Er hatte nicht ahnen können, welche Ereignisse in seiner einstigen Heimatstadt Brüssel auf ihn einstürzten. Hätte er es geahnt, wäre er womöglich in seinem Versteck in London geblieben, um das Ende seiner Tage herbeizusehnen. Nun wusste er aber, dass es an der Zeit war, aus den Schatten zu treten.

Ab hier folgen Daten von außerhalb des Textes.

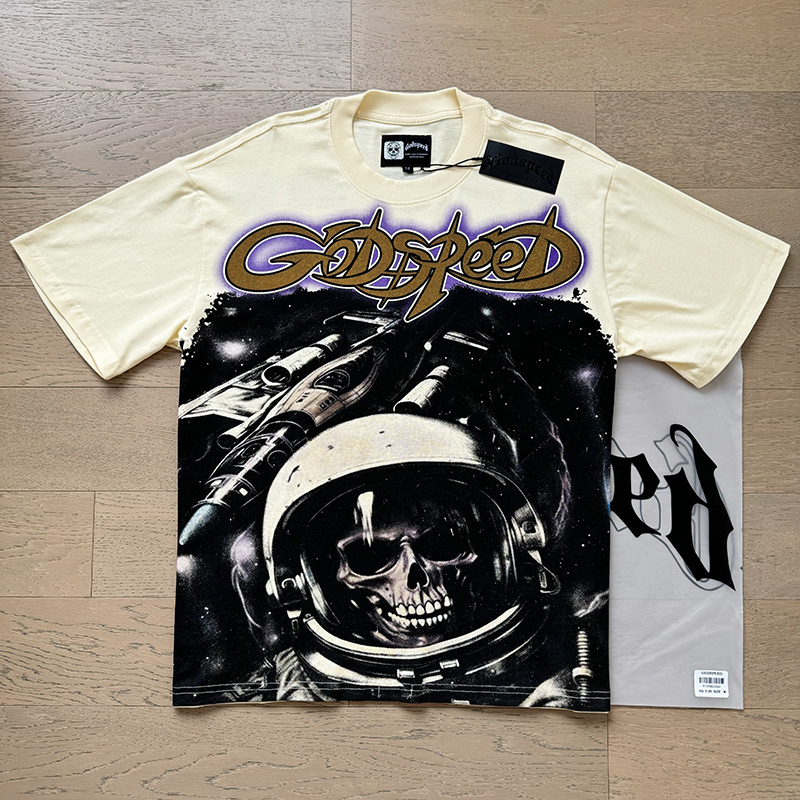 Godspeed Space Skull &amp; Typography Graphic Beige Tee P120 3130#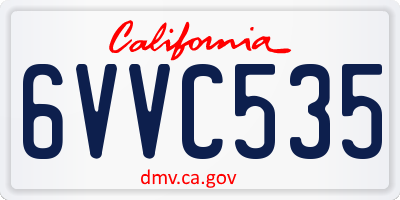 CA license plate 6VVC535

Der „Club Noir“ drohte dem gierigen Schlund der dunklen Macht anheimzufallen. Pierre hatte den Blut-Dolch der Ältesten in seinen Besitz gebracht. Diese Waffe allein würde zwar nicht ausreichen, um sich zum Herrscher über Leben und Tod aufzuschwingen. Das Auftauchen einer ganz bestimmten Person beunruhigte den Düsteren jedoch. Sie könnte Pierres Schlüssel sein.
Wie hatte das nur geschehen können?
Und wo – zur Hölle – steckte Andrew?
Ein Krampf zog sich durch den Brustkorb des Düsteren. Sein Atem stockte. Schwerfällig sog er die Luft ein.
Das Mädchen glich ihrer Mutter aufs Haar – mit ihren langen schwarzen Locken und der bronzefarbenen Samthaut.
In all den Jahren hatte er sie kein einziges Mal gesehen und sie trotzdem im ersten Moment erkannt. Längst vergessener Kummer holte ihn ein. Er verfluchte sich dafür, dass sie an diesem Ort aufeinandertrafen. Dass er die Schuld daran trug und sich ihr jetzt noch nicht zeigen konnte, so sehr es ihm auch danach verlangte. Er musste warten und sie ihrer Wege gehen lassen.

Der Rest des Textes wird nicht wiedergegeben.